3
votes

I'm using python to create a function that can take in any pom.xml file, then return groupId, artifactId, and version from within dependency.
I found the following pom.xml from https://www.javatpoint.com/maven-pom-xml to show the structure I'm trying to parse.

<project xmlns="http://maven.apache.org/POM/4.0.0"   
xmlns:xsi="http://www.w3.org/2001/XMLSchema-instance"  
  xsi:schemaLocation="http://maven.apache.org/POM/4.0.0   
http://maven.apache.org/xsd/maven-4.0.0.xsd">  

  <modelVersion>4.0.0</modelVersion>  

  <groupId>com.javatpoint.application1</groupId>  
  <artifactId>my-application1</artifactId>  
  <version>1.0</version>  
  <packaging>jar</packaging>  

  <name>Maven Quick Start Archetype</name>  
  <url>http://maven.apache.org</url>  

  <dependencies>  
    <dependency>  
      <groupId>junit</groupId>  
      <artifactId>junit</artifactId>  
      <version>4.8.2</version>  
    </dependency>  
  </dependencies>  
.
.
.
  <dependencies>  
    <dependency>  
      <groupId>abc</groupId>  
      <artifactId>def</artifactId>  
      <version>4.8.3</version>  
    </dependency>  
  </dependencies> 

</project>  

I have tried using minidom and etree.ElementTree but I am brand new to all of this & haven't been able to make progress. I also want it to be able to handle pom.xml files with varying numbers of dependencies, so I think it would have to be a loop. Based off of other stackoverflow responses, something I came up with is below.

from xml.dom import minidom

dependencyInfo = {}

dom = minidom.parse('pom.xml')
depend = dom.getElementsByTagName("dependency")

for dep in depend:
    info = {}
    info['groupId'] = dep.attributes['groupId'].value
    info['artifactId'] = dep.attributes['artifactId'].value
    info['version'] = dep.attributes['version'].value
    dependencyInfo[] = info

print(dependencyInfo)

Is there a way to get it to return a nested dictionary containing the dependencies with its info in a way similar to this?

dependencyInfo = { 'junit': {'artifactId': 'junit', 'version': '4.8.2'},
                'abc': {'artifactId': 'def', 'version': '4.8.3'}}
1
Beware that xml parsing only works for very simple poms.

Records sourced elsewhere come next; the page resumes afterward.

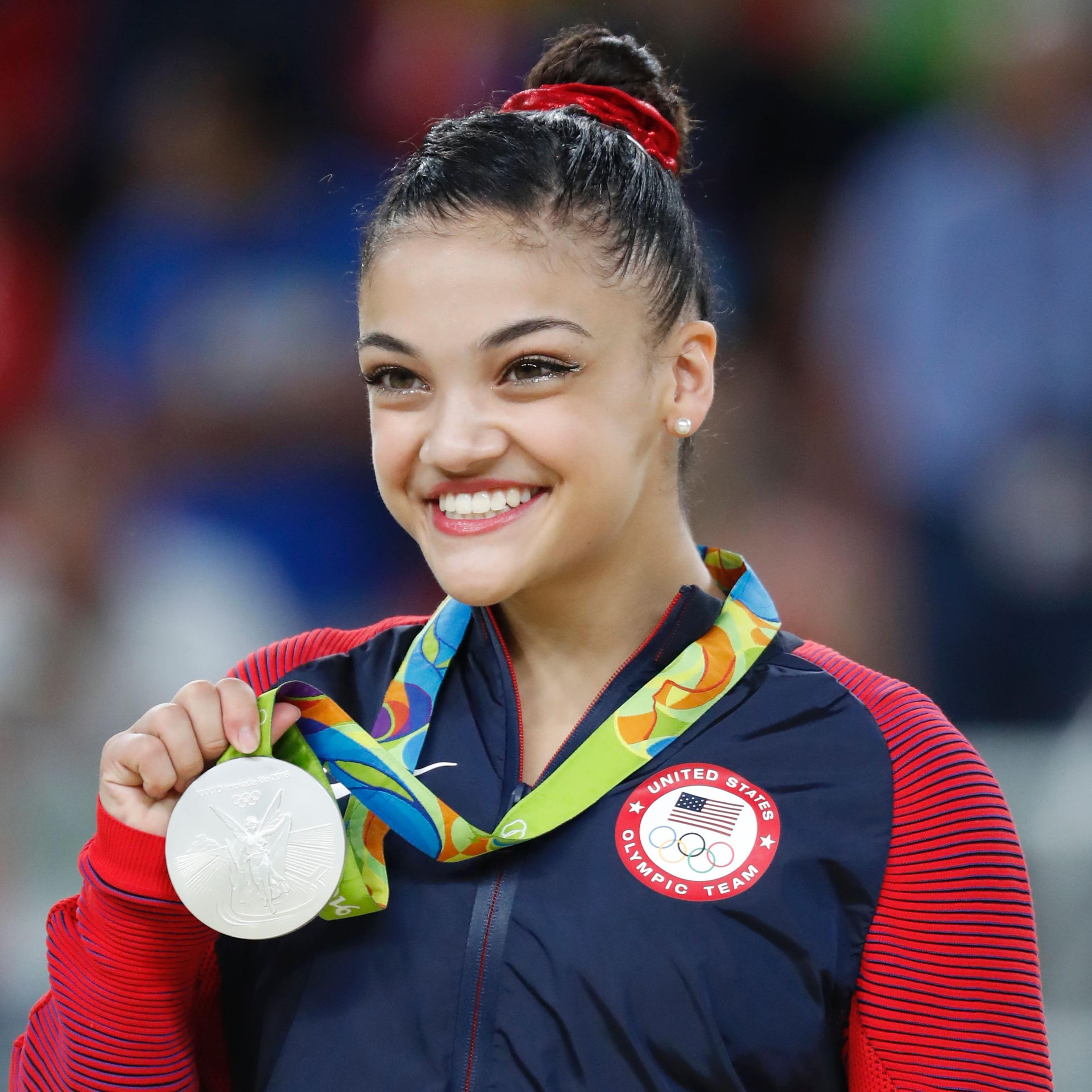 Silver medallist US gymnast Lauren Hernandez celebrates on the podium of the women's balance beam event final of the Artistic Gymnastics at the Olympic Arena during the Rio 2016 Olympic Games in Rio de Janeiro on August 15, 2016.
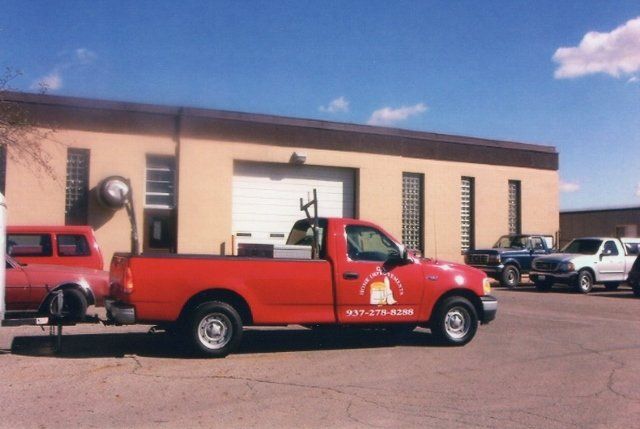 A red truck is parked in front of a building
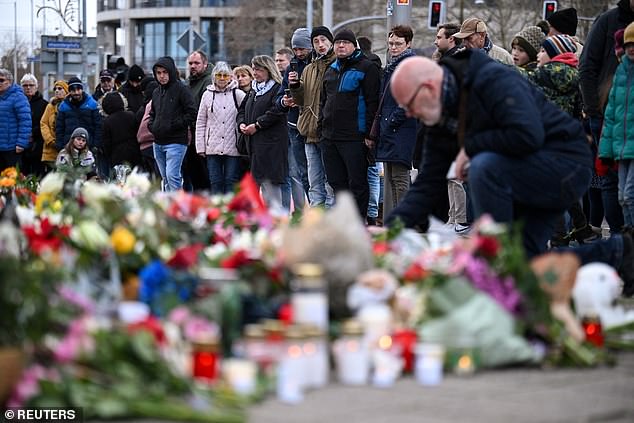 People leave candles and floral tributes at the Alter Markt in Magdeburg, where a man drove a car into the crowd on Friday evening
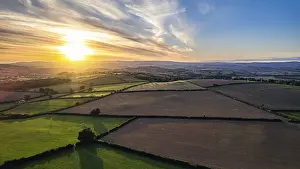 Atmospheric Evening Light UK Prints: Sunset over Devon Fields, Berry Pomeroy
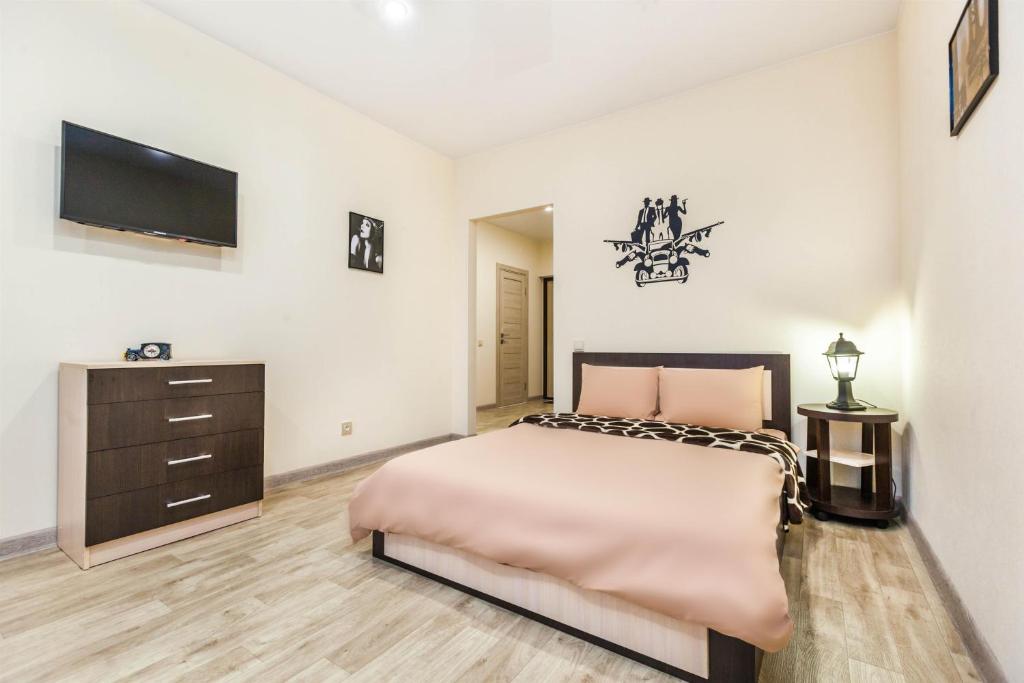 a bedroom with a large bed and a flat screen tv at Апартаменты в новом жилом комплексе Кристалл in Tyumen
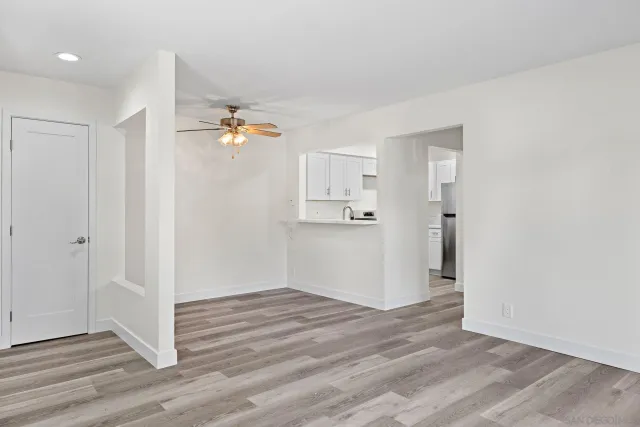 a view of a room with wooden floor and a ceiling fan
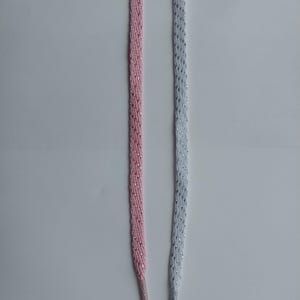 May include: Two shoelaces, one pink and one white, with a silver glitter finish.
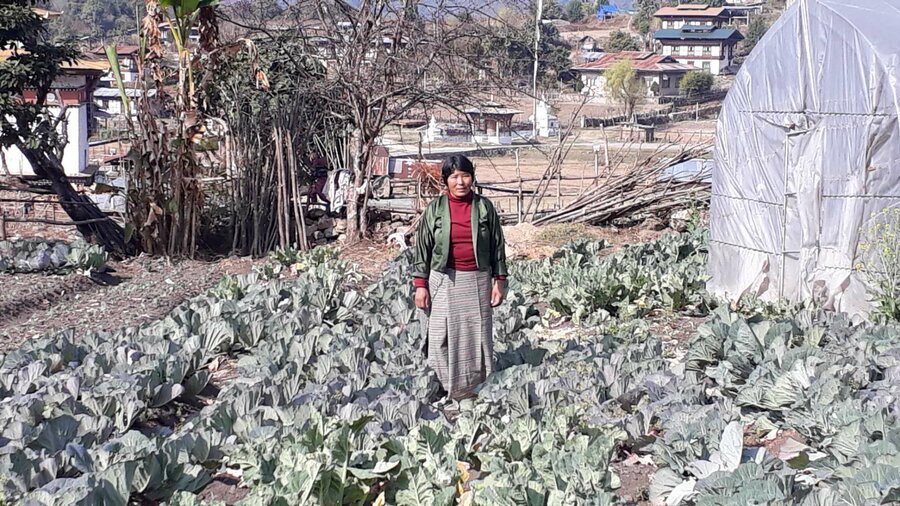 woman standing in field of crops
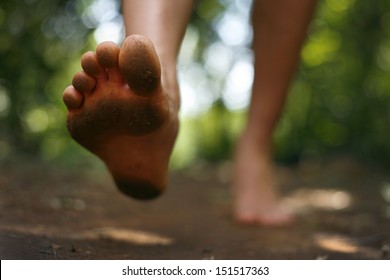Close Up Of Bare Feet Running On A Trail In The Forest.  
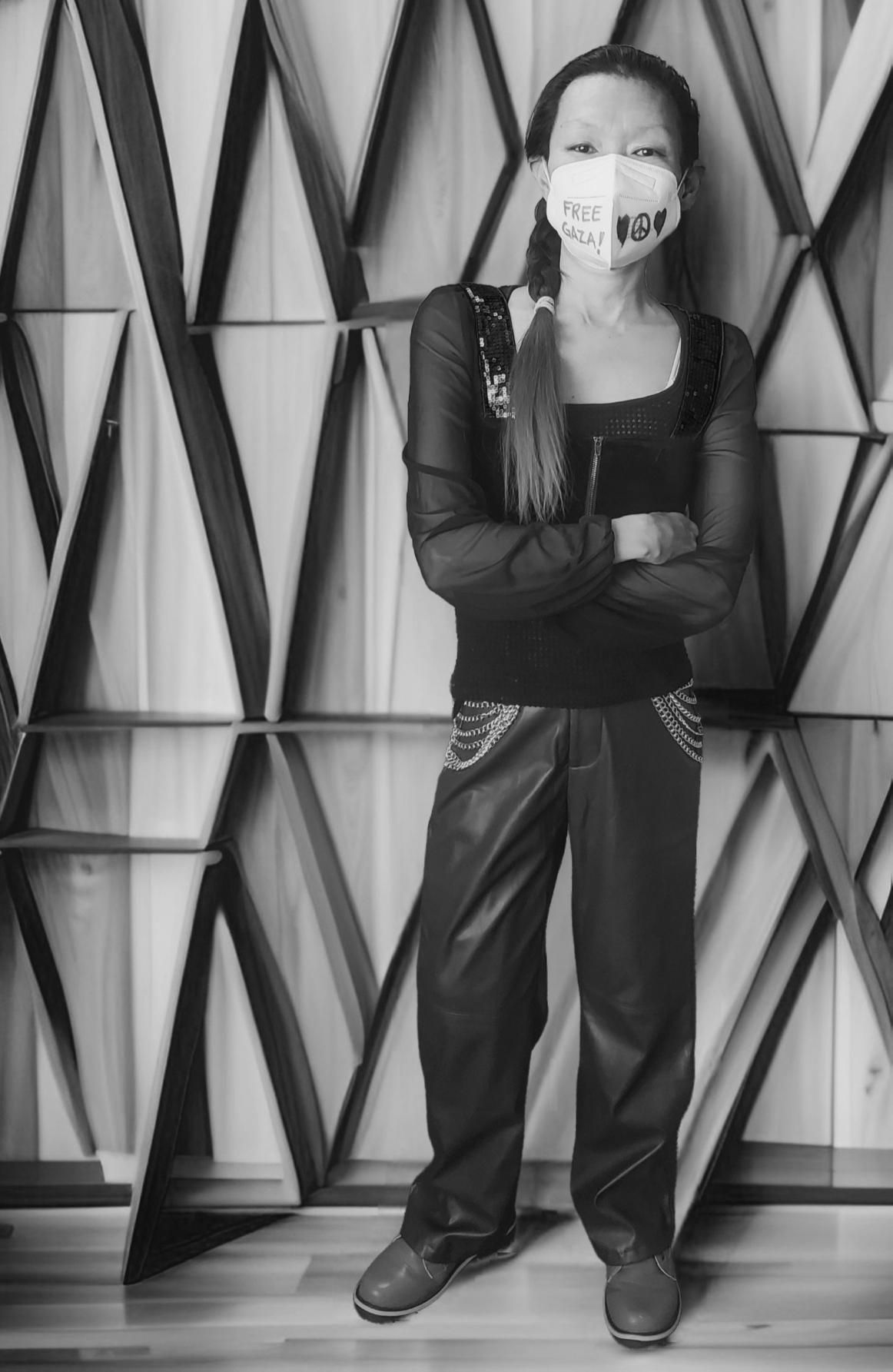 Black and white full-length portrait of a woman(me) in front of an artistic geometric wall. She wears a face mask with “FREE GAZA!” written on it, black top with sequin shoulder detail, black pants with chain trim, and dark shoes. Her arms are crossed, and she has her hair in a side braid.
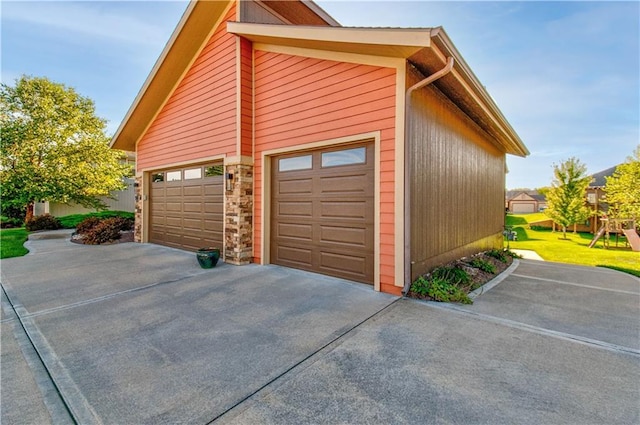 4500 SW Aft Dr, Lees Summit, MO 64082 - view of property exterior with a garage and concrete driveway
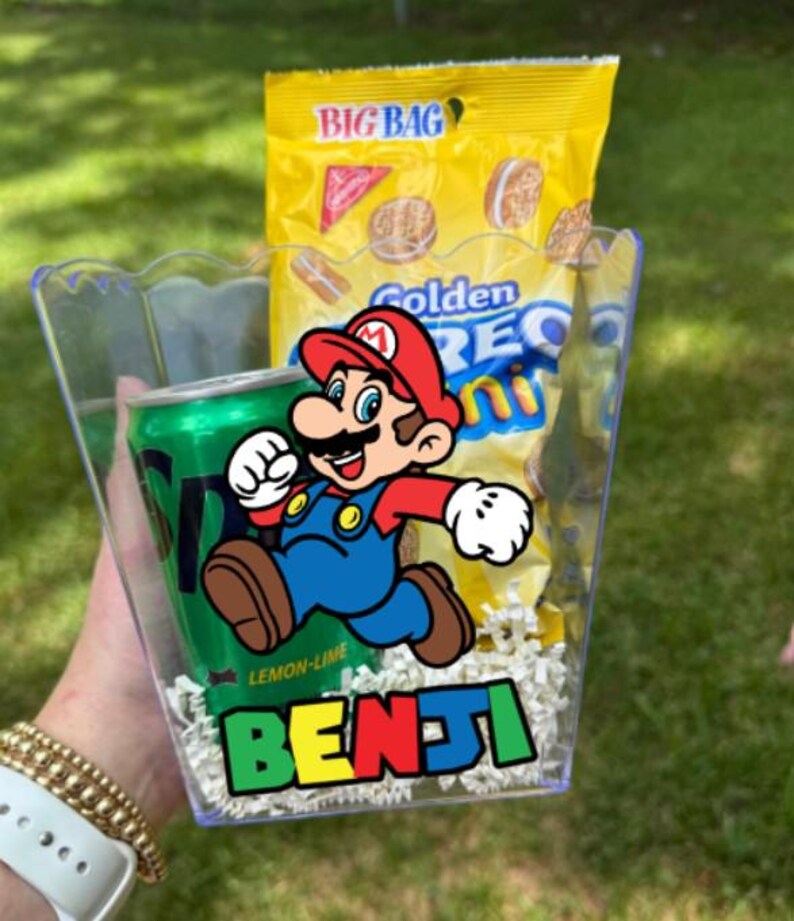 May include: A clear plastic container filled with white paper shred, a green Sprite soda can, and a yellow bag of Golden Oreo Mini cookies. The front of the container features a colorful graphic of Mario and the name Benji in a bold, multi-colored font.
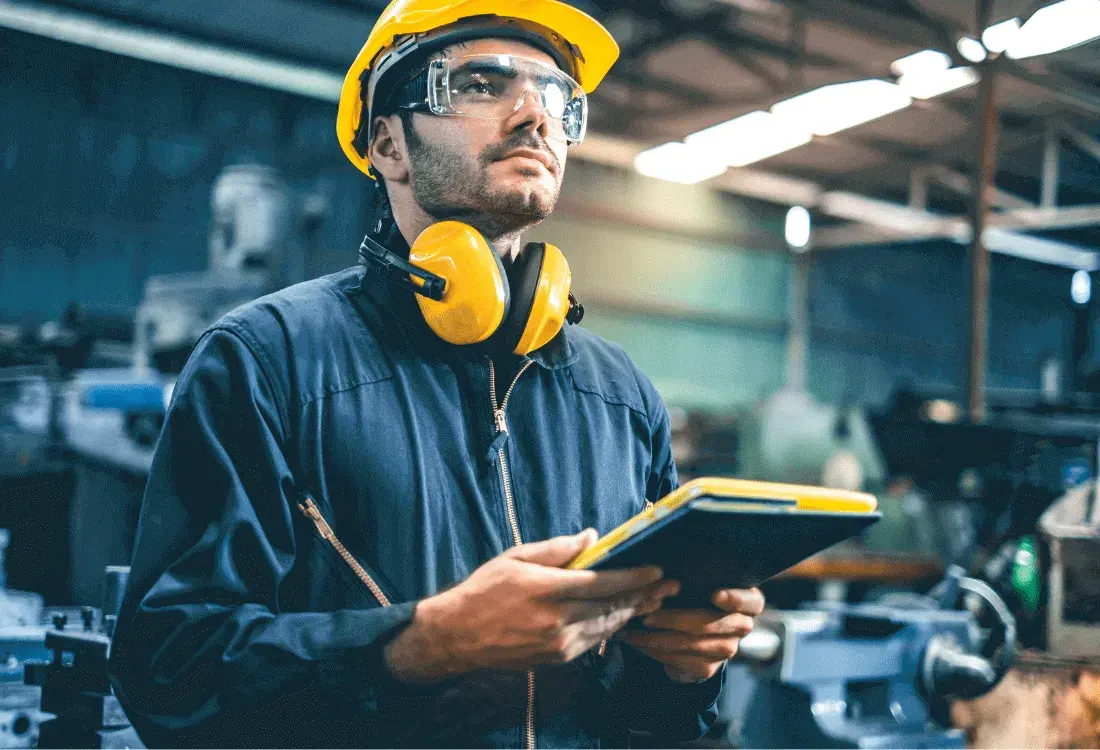 A worker using technology to prevent accidents from happening in the workplace.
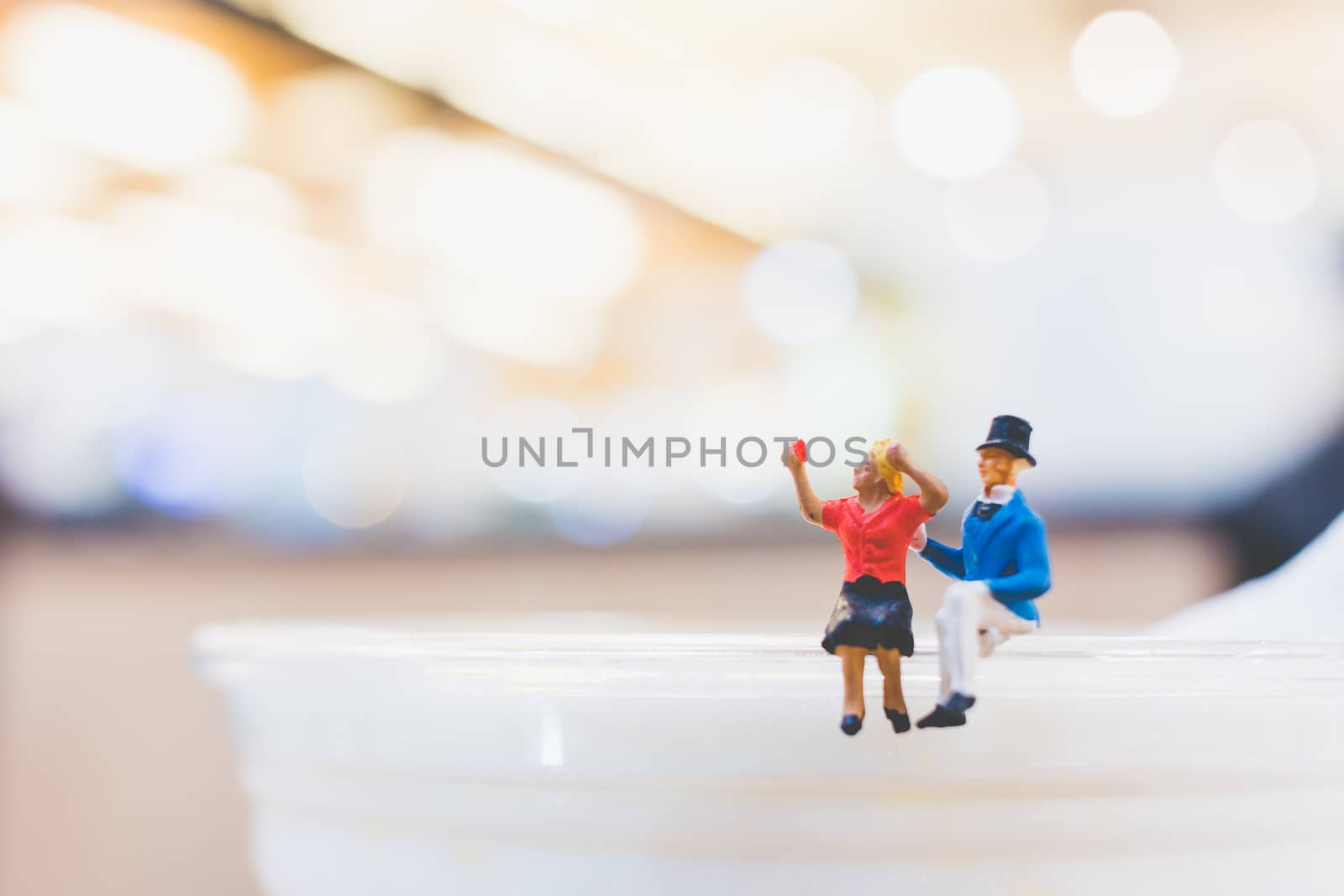 Miniature people : Couple sitting on cup , Valentine day's concept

Versions can be inherited from <dependencyManagement> which can also be part of a parent POM. Versions can also be set through properties. - J Fabian Meier

1 Answers

3
votes

This can be done by using a couple of libraries:

pom= """[your xml above]"""

from lxml import etree
from collections import defaultdict

root = etree.fromstring(pom) #or .parse('pom.xml') if you read it from that file
tree = etree.ElementTree(root)

depend = tree.xpath("//*[local-name()='dependency']")
dependencyInfo = defaultdict(dict)

for dep in depend:
    infoList = []
    for child in dep.getchildren():
        infoList.append(child.tag.split('}')[1])
        infoList.append(child.text)


    dependencyInfo[infoList[1]].update({infoList[2] : infoList[3],infoList[4] : infoList[5]})

dependencyInfo

Output:

defaultdict(dict,
        {'junit': {'artifactId': 'junit', 'version': '4.8.2'},
         'abc': {'artifactId': 'def', 'version': '4.8.3'}})